Previous meta-analysis on depressive and anxiety symptoms in children and adolescents found that female sex was associated with increased risk of depressive and anxiety symptoms during COVID-19 pandemic [52]. However, network analysis revealed that only certain edges were different between genders during the late stage of the COVID-19 pandemic, which may be partly due to gender differences involving biological susceptibility, self-esteem, experience of interpersonal violence, and exposure to stress [83].
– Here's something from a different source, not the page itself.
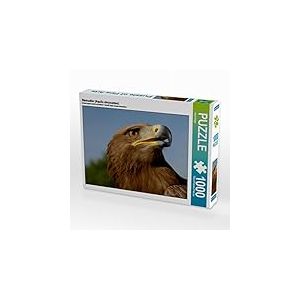 CALVENDO Puzzle Aigle Royal (Aquila chrysaetos) 1000 Pieces 64 x 48 cm from Axel Hilger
Identifying central symptoms and bridge symptoms within the depressive-anxiety symptom network model has possible clinical significance; targeting these symptoms may contribute to prevention among at-risk adolescents and improve the effectiveness of treatments targeting co-occurring depressive and anxiety symptom [56]. For example, cognitive behavioral therapies (CBTs) targeting central symptoms and bridge symptoms including “Guilty”, “Excessive worry”, “Sad mood”, and “Irritability” via strategies such as cognitive restructuring and distribution may rapidly improve depressive and anxiety symptoms among adolescents and reduce risk of comorbidity [84, 85]. Furthermore, a recent meta-analysis of 17 randomized control trials (RCTs) concluded that antidepressants are more effective than CBT in treating specific symptoms of depression including “depressed mood”, “feelings of guilt”, “suicidal thoughts”, and “psychic anxiety” [86], though this difference was limited to those patients with the highest elevations on these symptoms and it was not clear how applicable these results were to adolescents given the mean age of just under 40 years across the set of studies. Nonetheless, such findings underscore the need for further research on antidepressants as a potentially viable alternative for targeting key symptoms of depressive and anxiety among adolescents.
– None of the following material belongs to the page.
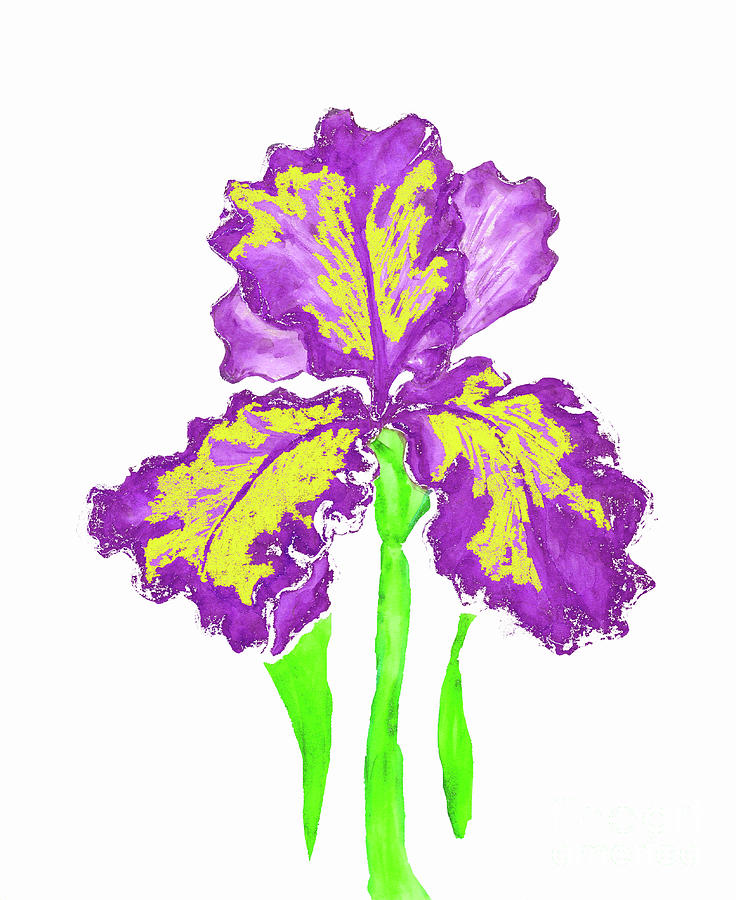 Violet-yellow iris, painting #5 Painting by Irina Afonskaya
Possible implications aside, the main limitations of this study should be noted. First, findings may not be generalized to adolescents in clinical settings, as previous studies have suggested differences in network connectivity may exist in different populations or samples [87]. Furthermore, although some parallels were observed between the network characteristics of the current sample and of adolescents in other countries, generalizations across cultures and contexts (e.g., to a post-COVID-19 world) are tentative at best. Second, due to the cross-sectional research design, dynamic changes and causality between individual symptoms could not be explored. The “snapshot” of the depressive-anxiety symptom network of adolescents provided in this research provides a foundation for more costly, time-consuming longitudinal extensions in future. Third, because symptom assessments were based on self-reports, biases in recall and/or social desirability cannot be ruled out as influences on the results. Fourth, data collected by snowball sampling were used to construct a network model, which could limit the sample representativeness. Fifth, for logistical reasons, data prior to and in the early stage of the COVID-19 pandemic were not collected; therefore, comparisons of symptom patterns in adolescents between different stages of the pandemic could not be conducted.
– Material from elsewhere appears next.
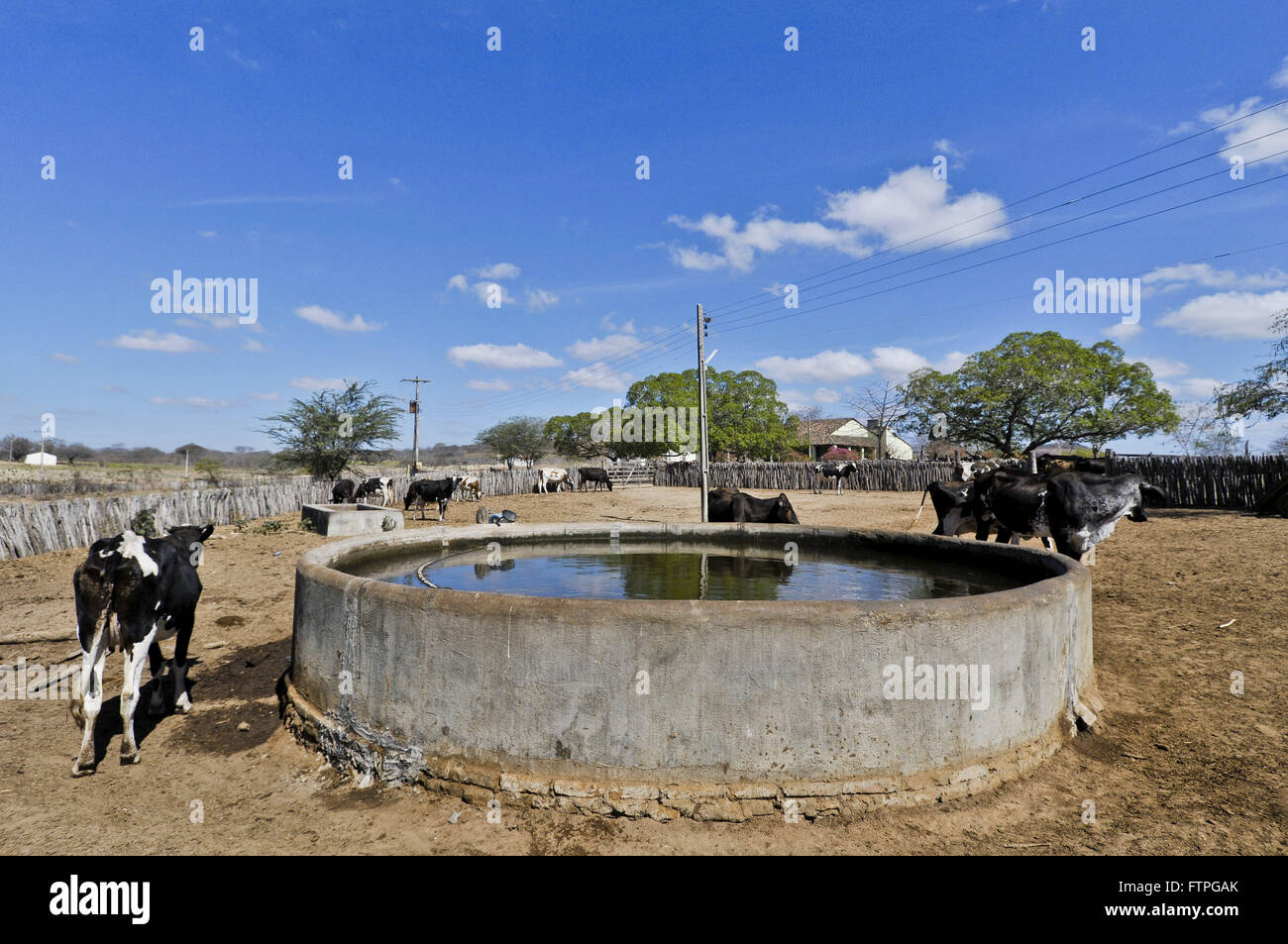 Holstein-Milchvieh in Koppel Pintadinho Farm in ländlichen Stockfoto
In conclusion, this study is the first to identify central symptoms (e.g., Sad mood, Irritability, Worry too much, Guilty) and key bridge symptoms (e.g., Guilty, Sad mood, Suicide ideation) within the depression-anxiety network of Chinese adolescents. Findings may provide an impetus for future studies examining symptom networks in other groups of adolescents as a means of clarifying key symptoms that extend across adolescents from different cultures and those that are unique to particular groups. In addition, central symptoms and bridge symptoms identified in this study may be useful targets for interventions designed to prevent these disturbances among at-risk Chinese adolescents and treat those who are currently suffering from co-occurring depressive and anxiety symptoms.